В истории литературы параллель между прозой и художественной простотой проводилась неоднократно.
«Точность и краткость – вот первые достоинства прозы, – писал Пушкин, критикуя школу Карамзина. – Она (проза. – Ю. Л.) требует мыслей и мыслей – без них блестящие выражения ни к чему не служат»[15].
Белинский, определивший в «Литературных мечтаниях» господство школы Карамзина как «век фразеологии», в обзоре «Русская литература в 1842 г.» прямо поставил знак равенства между терминами «проза», «богатство содержания» и понятием художественного реализма.
«И что бы, вы думали, убило наш добрый и невинный романтизм ‹…›? Проза! Да, проза, проза и проза ‹…›. Мы под «стихами» разумеем здесь не одни размеренные и заостренные рифмою строчки ‹…› Так, например, «Руслан и Людмила», «Кавказский пленник», «Бахчисарайский фонтан» Пушкина – настоящие стихи; «Онегин», «Цыганы», «Полтава», «Борис Годунов» – уже переход к прозе, а такие поэмы, как «Сальери и Моцарт», «Скупой Рыцарь», «Русалка», «Галуб», «Каменный гость», – уже чистая беспримесная проза, где уже совсем нет стихов, хотя эти поэмы писаны и стихами ‹…› мы под «прозою» разумеем богатство внутреннего поэтического содержания, мужественную зрелость и крепость мысли, сосредоточенную в самой себе силу чувства, верный такт действительности»[16].

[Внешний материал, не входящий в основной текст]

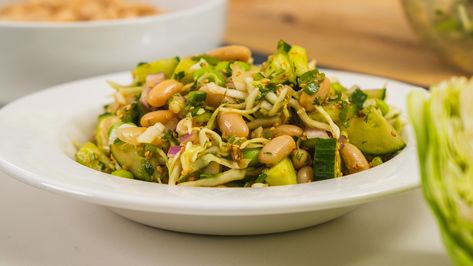 Edamame White Bean Salad with Asian Style Dressing Dense Bean Salad Recipes, Crispy Rice Salad, Asian Salads, East Coast Kitchen, Bean Salads, Gluten Free Party Food, Coast Kitchen, Rice Salad Recipes, Marinated Cucumbers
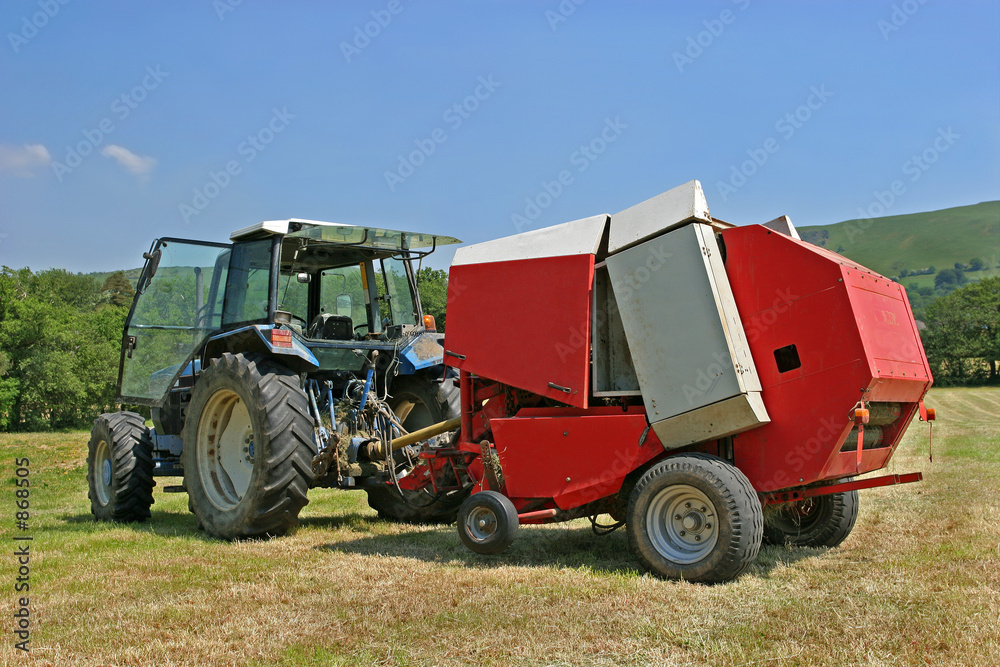 circular hay baler and tractor circular hay baler and tractor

Сказанное Пушкиным и Белинским нельзя отнести к числу случайных сцеплений понятий – оно отражает основу эстетического переживания прозы. Понятие простоты бесконечно шире понятия прозы, но возвести прозу в ранг художественных явлений оказалось возможным только тогда, когда выработалось представление о простоте как основе художественного достоинства. Исторически и социально обусловленное понятие простоты сделало возможным создание моделей действительности в искусстве, определенные элементы которых реализовывались как «минус-приемы».